Figure 3.1 Limestone deposits, limestone caves and sources of liming materials.
l Comercial deposits &/or plants
t Limestone Caves
n Precipitator dust sources

Table 3.1 The typical per tonne cost of liming a paddock at Wagga, NSW.


Ex Works

















At an application rate of 2.5 tonne/ha (1 ton/acre) = $150-180/ha

This leaves Wagga in a limestone deposit void. The cost structure of the industry is therefore critical to our collective understanding and decision making.

In this part of the world the profit made by the lime companies for agricultural products is small. Industrial markets for crushed limestone are more attractive both in terms of potential profit margins and consistency of demand.

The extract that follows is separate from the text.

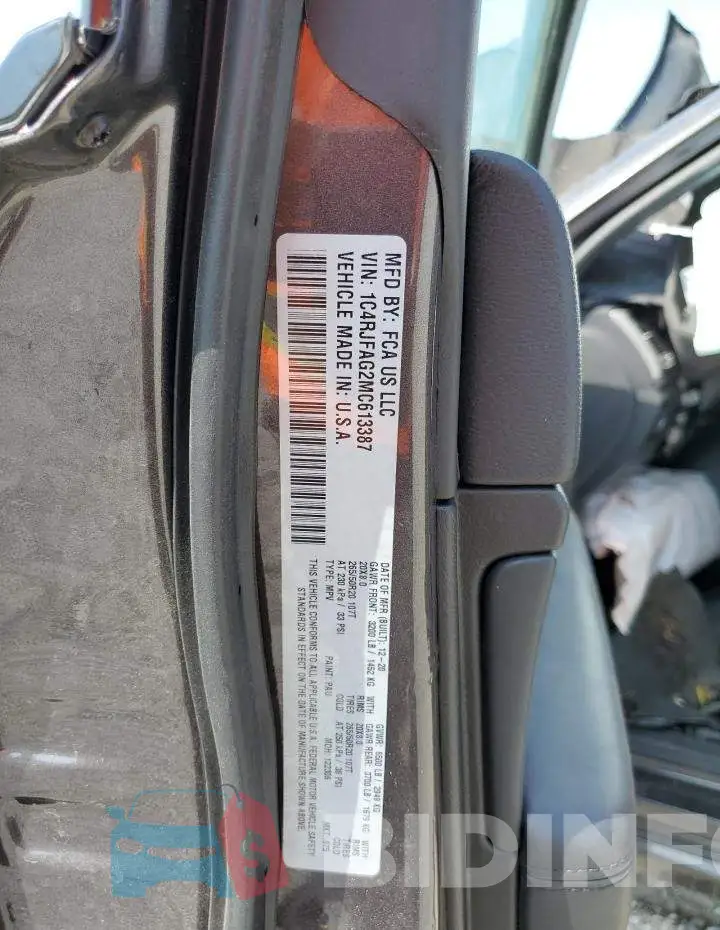 1C4RJFAG2MC613387 Photo# 10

Transport costs have been relatively steady and in some cases even declined in 1985. The competitiveness of the trucking industry has left them small profit margins. The flow on in reduced fuel prices in early 1986 assisted keeping transport prices low even though the potential for fuel savings was stifled at Federal level. Some trucking companies have now geared up for the liming industry by obtaining regular backloading business out the region, again contributing to steady transport prices.

Spreading contractors generally do not make a big margin either. The machinery required for lime spreading is specialised and the work is only seasonal at present. The potential exists to lime pastures in the winter off-season and to then mix the lime into the soil in preparing for the cropping cycle.

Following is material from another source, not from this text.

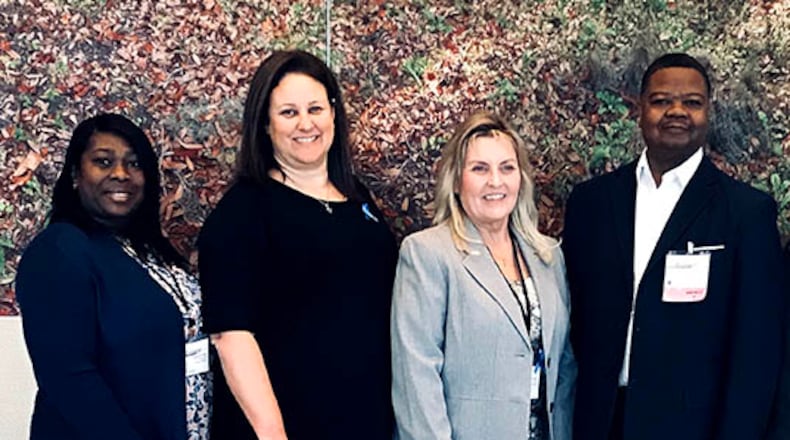 Emmie Niethammer (second from left) was recently sworn in as director district 3 for the Georgia Municipal Clerks Association. CONTRIBUTED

The reseller or agent makes a margin which is sometimes difficult to isolate. Some organise the transport of lime and may even use their own trucks; some organise the spreading contractor for you or provide their own operator and machine; some hire out machines; some do several of the above while others just relay the order from the farmer to the lime company and pick up a margin for carrying the account. In the past, there have been many resellers who have collected significant per tonne margins simply for a phone call and an invoice. That is no longer possible. There are now several companies feeding into the Riverina and each may have several outlets. Major suppliers include David Mitchell Estate (Lilydale, Vic), Southern Limestone (Moss Vale), OMYA Minerals (Bathurst), Slag Lime (Marulan) and the two precipitator dusts from Geelong and from Marulan. With such competition no one can afford to offer inflated prices. However, despite this competition, there will be no price miracles for the Riverina for the reasons I have outlined above. To overcome our acidity problem we will need a combination of lime company competition, acid-tolerant cultivars and sound liming technology (application rates, incorporation methods, etc).

The social cost of continued soil acidification and the relative unattractiveness of our market for lime company expansion means that there is a good case for government intervention by subsidisation; that is, if the paperwork were tolerable, and if we could sell our wheat.

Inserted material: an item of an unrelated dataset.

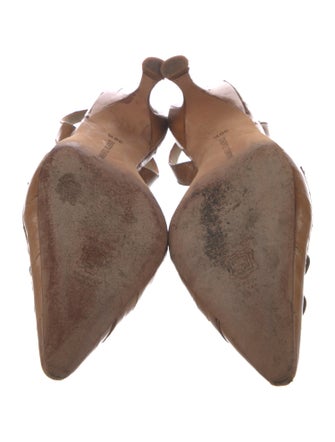 Manolo Blahnik Leather Slingback Pumps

To finish on the bright side, once you apply limestone to an acid soil, the life expectancy of 2-3 tonne/ha in this region (450-600 mm rainfall annually) is easily 10 years before you end up where you started. On some trials of Brendan Scott (the second speaker) there is not even measurable evidence of decline in pH, 5 years after the limestone was applied. It appears that the major hurdle we face is that awesome initial cost, and less than 40% of that cost is the lime itself.